We're doing that by focusing on locations where we can readily construct and access well pads, drill to multiple pay horizons, put in place and access water supply infrastructure, install production facilities and connect to midstream offtakers.
This will enable us to deliver a program of scale and efficiency at drilling, completing and connecting our wells quickly, efficiently and safety.
Contiguous acreage is a big part of that.
This is all part and parcel of our 3-year execution plan.
So the final optimization area that I will touch on today is our implementation of what is now widely being called the digital oilfield.
Simply put, this really involves online systems that pull data in from all our fields' data systems and our financial systems to yield real-time feedback on how individual wells are performing.
We get a read on everything from production through revenues and allocated costs.
As I just mentioned, in the Eagle Ford, we are really pleased how this has progressively improved our well uptime percentages across the field over the past 3 years, specifically in the southern area from 86% to 99% year-to-date.
We receive constant data feeds from each of our well heads that enable us to immediately respond to any downtime or to optimize artificial lift if it makes sense to do so.
It allows our field people to be focused on the most leveraging activity that they can perform on any given day.
This is the sort of blocking and tackling that you expect to see from a top-tier operator.
And I've got to say that personally, with over 32 years’ experience in the business, I just continue to be amazed at how our teams keep on coming up with new technologies and creative new ways to get even more efficient in producing our wells, developing our acreage and optimizing well results.
Now before turning to well results, let me preface discussion of RockStar area wells with the map on Slide 10, which shows the recent ramp-up of industry activity in and near the area from January to April this year.
28 rigs are currently running in this area that we show on the map, of which 5 are ours.
And as you can see on the slide, this is quite an uptick from the start of the year.
In just 3 months, the industry rig count in this area has increased by nearly 60% from 18 to 28 rigs, which is an acknowledgment of the excellent returns, the Tier 1 returns or top-tier returns that many operators are achieving from the wells completed in this area.
Turning now to well results at RockStar that are shown in Slide 11.
I think here we can say that the results really just speak for themselves.
So far, all the wells that we have completed as SM Energy in the RockStar area exceed the 1 million barrel equivalent peer type curve, and all wells exceed our acquisition model expectations by a significant margin, especially when factoring the risk weighting that we apply for valuation purposes.
Slide 12 shows detail in our 3 newest completions in addition to 8 wells we highlighted last quarter.
These Guitar North wells target the Lower Spraberry, the Wolfcamp A and the Wolfcamp B. They were all nearly 10,000-foot lateral wells completed with our base completion design.
They have not yet reached their peak 30-day IPs.
So we have provided 20-day IPs, although I need to point out that the peak 20-day IP is still increasing at Lower Spraberry well here.

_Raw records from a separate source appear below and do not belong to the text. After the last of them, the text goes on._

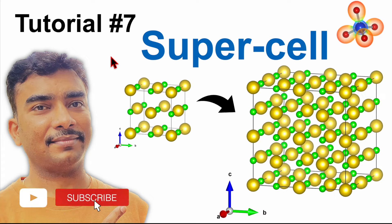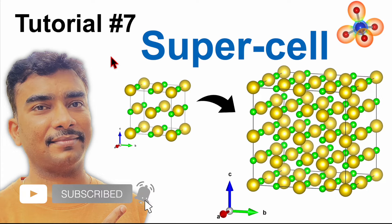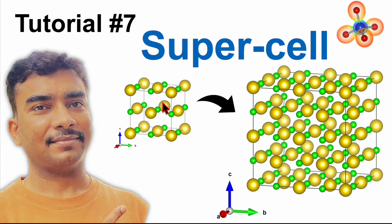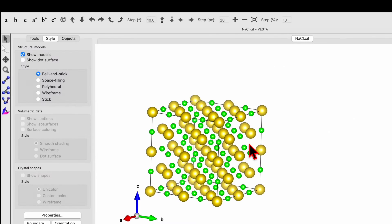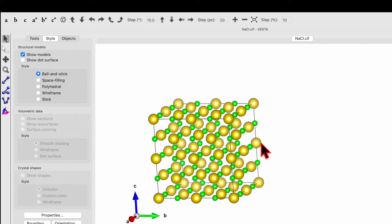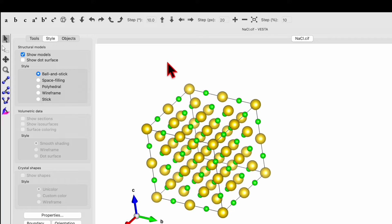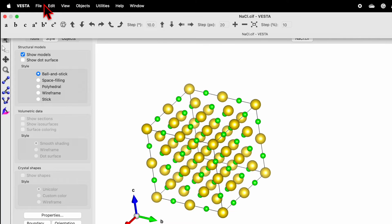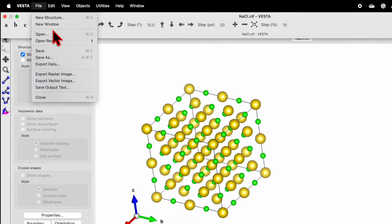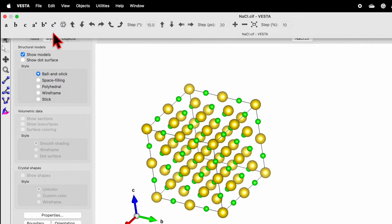Tutorial number seven on VESTA software. I will show you how to transform from a unit cell to a supercell. Here I have a supercell in the VESTA software. Go and click on file, open.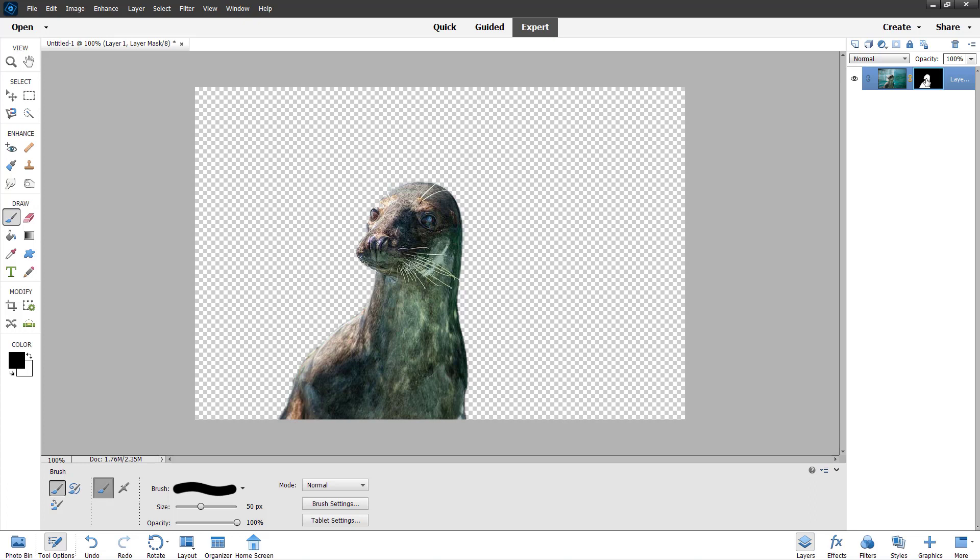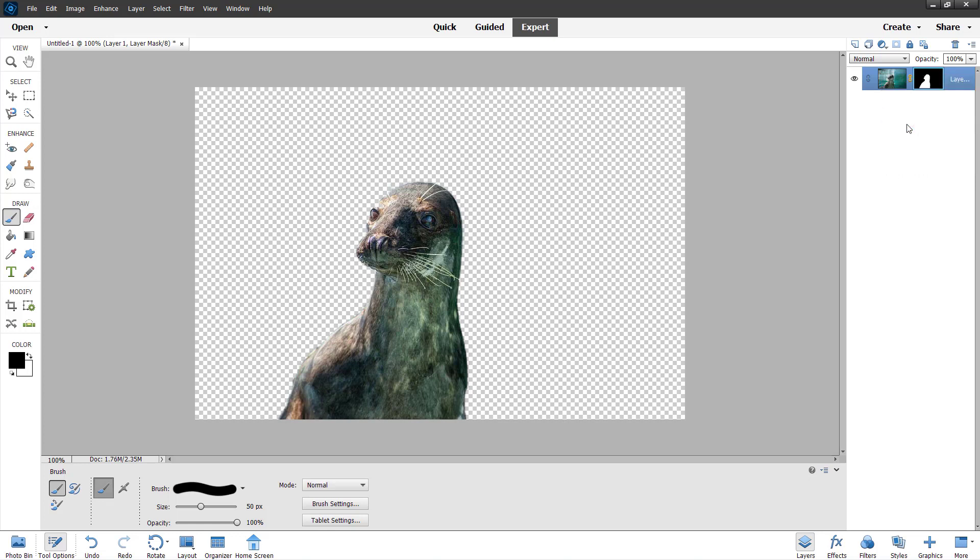To do that, you need to use an option called add mask to selection. You need to right click and over here you can see add mask to selection is an option. Once you click on this, a selection is added onto the mask as you can see right here.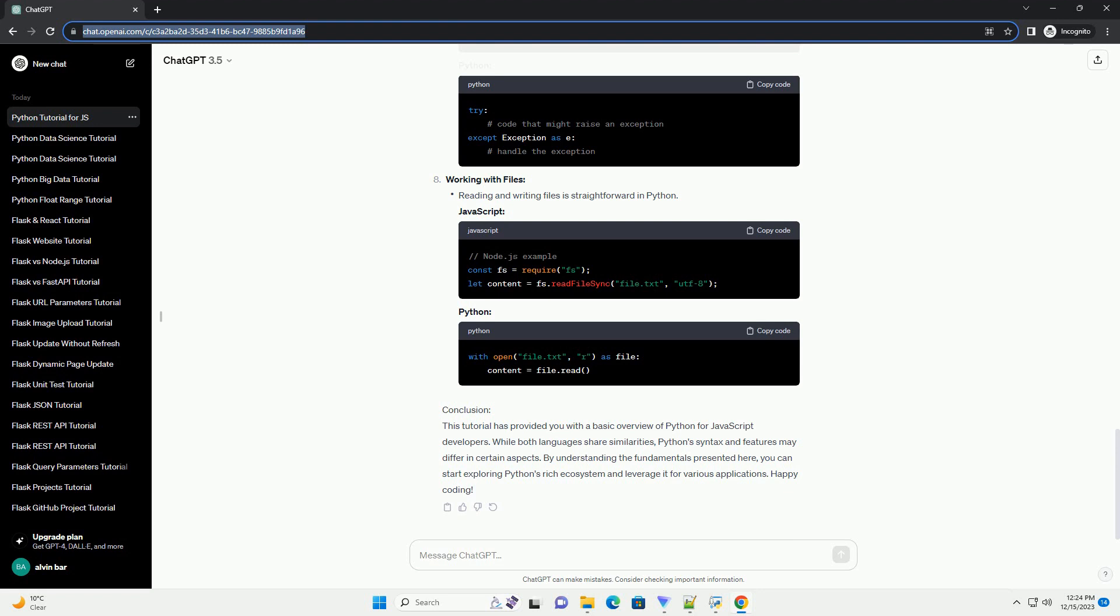Lists and Dictionaries: Python has lists (arrays) and dictionaries (objects), similar to JavaScript.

Again, these are just outstanding wells.
All 3 are exceeding preacquisition unrisked expectations of peak single day IPs of 850 to 950 BOE per day, and as you can see, by quite a margin.
We should see some stellar returns from these wells.
One last point, I should note that these wells were previously named Korean Elizabeth wells and were renamed the Guitar North wells.
Now turning to Eagle Ford.
We've talked before how the prolific gas rates and rich NGL yields from our Eagle Ford program are able to deliver strong Tier 1 returns.
That's over 50% IRR at $0.65 per NGL a gallon and $3 per million BTU gas.
As we previously talked about, we've invested in numerous pilots, tested completion designs and well spacing, reviewed the results and have now mapped out our view of the optimal development under current commodity prices.
So here I'm pleased to point to Slide 13, which shows the continued outperformance of 6 wells in our Eastern type curve area.
These wells started producing in the fourth quarter of 2016 and continue to significantly outperform our type curves from 900-foot spaced wells, even though these new wells are spaced in a staggered 625-foot configuration between the Upper and Lower Eagle Ford or just 312 feet apart in plan view.
We showed early performance on these wells last quarter.
And as you can see now with another 3 months of production, the production outperformance continues, having produced over 30 BOE per lateral foot in less than their first 6 months on production and exceeding our type curves from the wider spaced wells.
During the first quarter, we also completed several wells in our Eagle Ford North area with significantly enhanced completions.
We are really pleased with the initial production from these wells and can see them potentially right there with the East area in being capable of generating returns that are well above our investment thresholds.
While we have focused our CapEx program on our Midland Basin opportunities, we do want to be clear that our Eagle Ford returns are also very competitive at current commodity prices.
And we have the capacity to ramp up here.
While we are talking about the Eagle Ford, one more item I'd like to update is regarding the shut-ins we have in the East area as an offset operator works through a [mow the lawn] drilling and completion development program across our lease line.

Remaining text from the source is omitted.